A las personas que odian no les gusta odiar solas porque eso las hace sentirse inseguras. Quienes odian se sienten conducidos a empujar a otros a odiar como ellos lo hacen, pues la validación de su odio por los otros les refuerza su autoestima al mismo tiempo que les impide razonar sobre sus propias inseguridades. Los grupos de odio forman identidades colectivas mediante sus manifestaciones y proclamas y a través de símbolos, rituales y mitos que cuanto más degradan a los odiados más engrandecen a sus acólitos y cerriles miembros. El odio es especialmente grave cuando además de cambiar pensamientos y emociones proclama y predica la condena moral y la deshumanización de los odiados.

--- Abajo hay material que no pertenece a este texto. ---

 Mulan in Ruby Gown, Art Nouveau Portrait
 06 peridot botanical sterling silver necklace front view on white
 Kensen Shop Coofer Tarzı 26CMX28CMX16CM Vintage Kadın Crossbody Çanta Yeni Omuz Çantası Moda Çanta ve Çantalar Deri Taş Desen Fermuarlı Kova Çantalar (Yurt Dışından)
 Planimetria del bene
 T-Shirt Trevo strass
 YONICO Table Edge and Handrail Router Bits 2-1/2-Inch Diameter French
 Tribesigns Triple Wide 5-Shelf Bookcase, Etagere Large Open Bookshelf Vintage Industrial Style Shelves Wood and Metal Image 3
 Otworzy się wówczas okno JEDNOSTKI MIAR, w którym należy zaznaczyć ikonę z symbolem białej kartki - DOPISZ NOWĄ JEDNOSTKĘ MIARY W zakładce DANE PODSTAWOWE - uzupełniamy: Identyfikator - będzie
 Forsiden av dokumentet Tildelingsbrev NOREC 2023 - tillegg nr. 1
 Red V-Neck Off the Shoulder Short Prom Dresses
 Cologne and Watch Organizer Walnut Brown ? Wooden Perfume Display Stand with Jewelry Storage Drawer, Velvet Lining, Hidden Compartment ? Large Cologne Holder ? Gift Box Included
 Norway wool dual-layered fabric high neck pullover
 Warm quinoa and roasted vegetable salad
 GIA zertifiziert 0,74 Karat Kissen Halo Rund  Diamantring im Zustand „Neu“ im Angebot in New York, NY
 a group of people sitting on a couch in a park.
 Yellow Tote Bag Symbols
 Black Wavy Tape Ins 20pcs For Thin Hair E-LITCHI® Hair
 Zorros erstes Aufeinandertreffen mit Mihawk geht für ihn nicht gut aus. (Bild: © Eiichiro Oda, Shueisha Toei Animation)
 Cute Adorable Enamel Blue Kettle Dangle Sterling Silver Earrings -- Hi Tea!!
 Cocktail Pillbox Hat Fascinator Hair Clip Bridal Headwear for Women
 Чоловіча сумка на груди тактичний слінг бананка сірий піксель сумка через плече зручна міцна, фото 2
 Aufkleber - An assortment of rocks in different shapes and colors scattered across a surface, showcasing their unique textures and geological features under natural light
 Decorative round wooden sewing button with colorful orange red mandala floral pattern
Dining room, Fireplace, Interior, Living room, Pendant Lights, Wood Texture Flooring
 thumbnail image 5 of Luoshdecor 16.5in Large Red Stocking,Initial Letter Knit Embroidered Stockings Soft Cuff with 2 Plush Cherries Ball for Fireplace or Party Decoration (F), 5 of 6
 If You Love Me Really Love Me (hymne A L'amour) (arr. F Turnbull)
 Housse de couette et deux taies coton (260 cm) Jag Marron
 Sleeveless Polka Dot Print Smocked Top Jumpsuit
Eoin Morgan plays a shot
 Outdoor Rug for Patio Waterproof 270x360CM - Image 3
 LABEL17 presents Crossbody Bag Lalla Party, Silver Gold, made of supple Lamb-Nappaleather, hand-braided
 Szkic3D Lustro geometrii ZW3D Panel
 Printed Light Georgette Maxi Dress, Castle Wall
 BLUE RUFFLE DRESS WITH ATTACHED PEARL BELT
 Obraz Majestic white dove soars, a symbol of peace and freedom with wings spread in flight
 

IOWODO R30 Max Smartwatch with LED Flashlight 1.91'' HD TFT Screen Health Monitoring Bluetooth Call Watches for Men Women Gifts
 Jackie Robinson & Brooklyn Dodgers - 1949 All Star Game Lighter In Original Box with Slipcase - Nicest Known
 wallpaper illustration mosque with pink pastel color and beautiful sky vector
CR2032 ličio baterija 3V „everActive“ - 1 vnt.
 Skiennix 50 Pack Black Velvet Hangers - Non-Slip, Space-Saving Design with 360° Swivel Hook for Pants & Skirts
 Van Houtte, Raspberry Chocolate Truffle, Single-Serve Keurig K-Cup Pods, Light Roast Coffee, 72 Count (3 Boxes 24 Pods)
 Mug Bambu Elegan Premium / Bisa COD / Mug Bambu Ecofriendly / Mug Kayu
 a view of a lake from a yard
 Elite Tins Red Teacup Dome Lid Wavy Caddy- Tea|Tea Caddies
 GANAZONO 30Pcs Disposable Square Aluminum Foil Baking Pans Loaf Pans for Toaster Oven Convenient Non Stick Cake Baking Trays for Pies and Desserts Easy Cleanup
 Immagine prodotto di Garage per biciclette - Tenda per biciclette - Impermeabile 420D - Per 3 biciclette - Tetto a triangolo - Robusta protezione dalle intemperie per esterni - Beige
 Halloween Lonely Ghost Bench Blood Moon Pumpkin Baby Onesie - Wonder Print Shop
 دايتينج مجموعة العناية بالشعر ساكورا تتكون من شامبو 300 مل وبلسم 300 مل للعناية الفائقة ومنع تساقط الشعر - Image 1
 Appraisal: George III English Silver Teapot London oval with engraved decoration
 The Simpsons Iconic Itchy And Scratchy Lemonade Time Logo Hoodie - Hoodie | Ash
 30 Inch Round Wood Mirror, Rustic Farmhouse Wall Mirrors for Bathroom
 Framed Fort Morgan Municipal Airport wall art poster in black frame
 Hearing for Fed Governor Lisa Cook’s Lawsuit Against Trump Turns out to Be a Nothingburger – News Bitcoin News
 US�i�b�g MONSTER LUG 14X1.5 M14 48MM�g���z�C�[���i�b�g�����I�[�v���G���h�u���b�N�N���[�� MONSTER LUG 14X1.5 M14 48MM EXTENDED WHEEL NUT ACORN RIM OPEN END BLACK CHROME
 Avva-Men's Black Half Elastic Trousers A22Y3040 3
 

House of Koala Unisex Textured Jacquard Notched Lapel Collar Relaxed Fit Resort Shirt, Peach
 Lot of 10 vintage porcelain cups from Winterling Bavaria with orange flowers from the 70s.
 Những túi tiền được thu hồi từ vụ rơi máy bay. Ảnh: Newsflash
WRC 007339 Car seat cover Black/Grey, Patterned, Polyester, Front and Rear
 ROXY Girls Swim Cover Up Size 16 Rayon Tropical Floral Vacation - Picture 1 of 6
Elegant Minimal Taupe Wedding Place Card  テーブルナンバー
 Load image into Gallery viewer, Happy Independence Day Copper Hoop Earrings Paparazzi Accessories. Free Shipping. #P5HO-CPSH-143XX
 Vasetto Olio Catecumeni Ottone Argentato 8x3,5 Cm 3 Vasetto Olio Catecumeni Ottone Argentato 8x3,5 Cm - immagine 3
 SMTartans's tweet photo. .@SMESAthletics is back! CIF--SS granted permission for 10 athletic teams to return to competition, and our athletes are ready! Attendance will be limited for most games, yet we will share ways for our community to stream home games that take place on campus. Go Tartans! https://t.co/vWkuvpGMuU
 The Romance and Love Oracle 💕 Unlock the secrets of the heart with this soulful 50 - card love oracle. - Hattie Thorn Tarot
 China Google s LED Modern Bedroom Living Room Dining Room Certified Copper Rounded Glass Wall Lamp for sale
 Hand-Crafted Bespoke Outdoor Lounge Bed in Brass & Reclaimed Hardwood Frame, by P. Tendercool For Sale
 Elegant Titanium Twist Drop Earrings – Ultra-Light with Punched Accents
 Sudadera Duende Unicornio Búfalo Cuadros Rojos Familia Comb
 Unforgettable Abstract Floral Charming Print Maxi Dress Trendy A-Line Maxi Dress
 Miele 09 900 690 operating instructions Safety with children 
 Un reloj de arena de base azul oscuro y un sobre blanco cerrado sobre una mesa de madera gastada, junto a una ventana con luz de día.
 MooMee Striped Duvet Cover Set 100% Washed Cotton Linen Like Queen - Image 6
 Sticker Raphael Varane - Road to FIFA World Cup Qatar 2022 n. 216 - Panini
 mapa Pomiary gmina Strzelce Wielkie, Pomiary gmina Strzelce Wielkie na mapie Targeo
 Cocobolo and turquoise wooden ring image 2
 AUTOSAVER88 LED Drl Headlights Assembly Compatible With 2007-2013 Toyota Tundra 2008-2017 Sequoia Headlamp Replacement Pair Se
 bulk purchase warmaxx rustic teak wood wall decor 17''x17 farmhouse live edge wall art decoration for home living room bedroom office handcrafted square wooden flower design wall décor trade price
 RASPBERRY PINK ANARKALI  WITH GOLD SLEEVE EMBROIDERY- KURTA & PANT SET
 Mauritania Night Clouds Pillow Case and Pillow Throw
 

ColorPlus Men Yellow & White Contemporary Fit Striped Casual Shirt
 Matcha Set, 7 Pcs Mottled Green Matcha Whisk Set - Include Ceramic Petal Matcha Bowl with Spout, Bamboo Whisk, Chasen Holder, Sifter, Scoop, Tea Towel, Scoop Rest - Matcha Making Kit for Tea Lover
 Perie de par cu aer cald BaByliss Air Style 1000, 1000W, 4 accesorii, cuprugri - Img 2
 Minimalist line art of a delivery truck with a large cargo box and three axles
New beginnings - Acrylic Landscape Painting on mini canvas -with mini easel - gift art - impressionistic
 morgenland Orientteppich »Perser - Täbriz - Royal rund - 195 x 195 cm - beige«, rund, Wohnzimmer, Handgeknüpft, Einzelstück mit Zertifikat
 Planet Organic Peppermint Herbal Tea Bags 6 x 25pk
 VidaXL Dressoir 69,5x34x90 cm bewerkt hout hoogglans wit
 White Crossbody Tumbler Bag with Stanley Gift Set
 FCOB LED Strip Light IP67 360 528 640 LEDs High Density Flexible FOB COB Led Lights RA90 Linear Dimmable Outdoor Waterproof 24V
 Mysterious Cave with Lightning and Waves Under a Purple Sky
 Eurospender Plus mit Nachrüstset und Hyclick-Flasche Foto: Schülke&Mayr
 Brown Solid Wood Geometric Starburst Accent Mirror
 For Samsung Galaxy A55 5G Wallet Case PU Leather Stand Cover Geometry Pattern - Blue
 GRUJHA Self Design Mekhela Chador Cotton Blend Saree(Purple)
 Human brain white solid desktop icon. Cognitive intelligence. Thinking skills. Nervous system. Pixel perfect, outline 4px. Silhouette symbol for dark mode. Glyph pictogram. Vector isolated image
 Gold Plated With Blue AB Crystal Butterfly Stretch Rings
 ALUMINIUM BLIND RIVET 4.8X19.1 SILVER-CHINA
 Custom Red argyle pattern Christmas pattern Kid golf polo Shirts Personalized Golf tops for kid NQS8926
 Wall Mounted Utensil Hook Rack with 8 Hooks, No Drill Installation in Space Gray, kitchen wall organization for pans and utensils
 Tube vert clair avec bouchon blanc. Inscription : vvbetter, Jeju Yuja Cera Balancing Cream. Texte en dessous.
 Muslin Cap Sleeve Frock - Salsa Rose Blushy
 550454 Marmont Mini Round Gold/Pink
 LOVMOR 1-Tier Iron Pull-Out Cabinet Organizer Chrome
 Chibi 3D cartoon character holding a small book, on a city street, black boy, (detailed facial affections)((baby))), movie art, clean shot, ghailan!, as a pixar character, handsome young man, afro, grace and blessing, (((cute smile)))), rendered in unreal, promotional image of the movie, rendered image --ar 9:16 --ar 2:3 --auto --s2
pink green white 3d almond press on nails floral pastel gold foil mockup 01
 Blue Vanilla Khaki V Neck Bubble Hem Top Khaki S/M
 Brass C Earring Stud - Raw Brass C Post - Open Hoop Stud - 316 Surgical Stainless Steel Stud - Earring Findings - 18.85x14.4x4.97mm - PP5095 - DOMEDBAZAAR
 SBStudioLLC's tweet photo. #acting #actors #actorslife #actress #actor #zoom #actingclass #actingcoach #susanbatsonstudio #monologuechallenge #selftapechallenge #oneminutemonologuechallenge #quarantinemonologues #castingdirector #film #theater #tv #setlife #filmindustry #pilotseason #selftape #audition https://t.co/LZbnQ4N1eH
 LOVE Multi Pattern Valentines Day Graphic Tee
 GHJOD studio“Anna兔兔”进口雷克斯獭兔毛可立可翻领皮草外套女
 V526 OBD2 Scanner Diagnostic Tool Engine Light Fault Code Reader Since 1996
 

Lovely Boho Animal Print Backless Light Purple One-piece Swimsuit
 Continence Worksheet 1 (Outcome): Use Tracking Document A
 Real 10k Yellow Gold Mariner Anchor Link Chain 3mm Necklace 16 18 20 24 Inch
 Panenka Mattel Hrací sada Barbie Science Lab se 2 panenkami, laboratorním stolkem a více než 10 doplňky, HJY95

Las raíces biológicas del odio son débiles pues, aunque nos predispongan a odiar, para que lleguemos a hacerlo tienen que darse también otro tipo de circunstancias sociales y culturales. El odio puede surgir de las creencias y prejuicios que tenemos, de conflictos entre grupos y de los problemas económicos, o de las turbulencias y las promesas políticas que frustran a la gente. Apegado al prejuicio, el odio muchas veces encuentra sus raíces en la historia, por ejemplo, en las reyertas tribales en África entre hutus y tutsis, o en los conflictos que mantuvieron secularmente a los Balcanes en convulsión y contribuyeron poderosamente a la cruenta y reciente guerra entre sus diferentes poblaciones. La ideología, especialmente cuando se convierte en fanatismo, es otra poderosa fuente de odio. El adoctrinamiento ideológico suele responder a odios ancestrales que interesa perpetuar, y a ambiciones de poder.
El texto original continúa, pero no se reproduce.